JAKARTA (JP): Bank Indonesia predicted that the economy would enjoy higher growth of between 4.5 percent and 5.5 percent in 2002, compared to between 3 percent and 4 percent estimated for this year.

Speaking at a hearing session with the House of Representatives Commission IX on state budget and finance on Tuesday, Bank Indonesia Governor Sjahril Sabirin said that inflation next year would decline to a range of between 7 percent and 9 percent from between 8 percent and 10 percent in 2001.

Sjahril said that the exchange rate of the rupiah could strengthen to between Rp 8,000 and Rp 9,000 per U.S. dollar.

He added, however, that this macroeconomic target could be achieved only if social and political problems were resolved and that the economic restructuring program could be accelerated.

He particularly cautioned the slow progress in the restructuring of corporate overseas and domestic debts and in the restoration of the banking intermediation role that was still creating "serious" uncertainty in the economy.

Sjahril said that an improvement in the world's economy next year would have a positive effect on the local economy.

He said that domestic economic growth in 2002 would be driven by exports, consumption and investment.

He said that a stronger exchange rate of the rupiah next year would help pull down inflation.

Elsewhere, Sjahril said that the macroeconomic condition had not improved as significantly as expected at the beginning of this year due to the increase in risk and uncertainty.

He explained that the slow progress in the corporate restructuring program, deterioration in relations with the International Monetary Fund (IMF) and the worsening domestic political conditions had caused confidence in the economy to continue to plunge.

He added that economic slowdown in the world economy had also badly affected the local economy.

The worsening macroeconomic condition had prompted the government to revise the 2001 state budget and adopt painful measures, including raising fuel prices by an average of 30 percent, and electricity rates by 17.47 percent to prevent the budget deficit from widening to a dangerous level of 6 percent of gross domestic product (GDP).

The budget now assumes an economic growth of 3.5 percent, inflation of 9.3 percent, and an exchange rate of 9,600 per dollar.

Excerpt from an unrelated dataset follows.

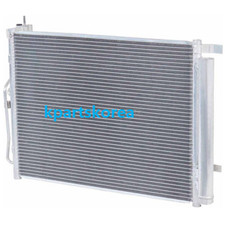 Genuine OEM NEW CONDENSER 976054E010 for Bongo lll 04:NOV.2006-2017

Separately, Bank Indonesia deputy governor Achjar Iljas said that the government might fail to achieve its 9.3 percent inflation target if the rupiah continued to weaken.

The rupiah is currently hovering at Rp 11,365 per dollar as investors continue to be jittery about the outcome of the People's Consultative Assembly's (MPR) plan to impeach President Abdurrahman Wahid on Aug. 1.

"It will be difficult to achieve the target, given the unfavorable circumstances," he said.

Economists predicted earlier that inflation this year could hit double digits of around 14 percent as the rupiah remained under pressure.

The lower value of the rupiah against the dollar increases production costs because the country's production system largely depends on imported raw materials and components.

But earlier on Monday, Coordinating Minister for the Economy Burhanuddin Abdullah expressed optimism that the government could achieve its 9.3 percent inflation target, citing improvements in the domestic political climate and better relations with the IMF, which is providing a multibillion dollar bailout for the economy.

Burhanuddin said that inflation in the first semester was normally high, but would decline in the second semester.(rei)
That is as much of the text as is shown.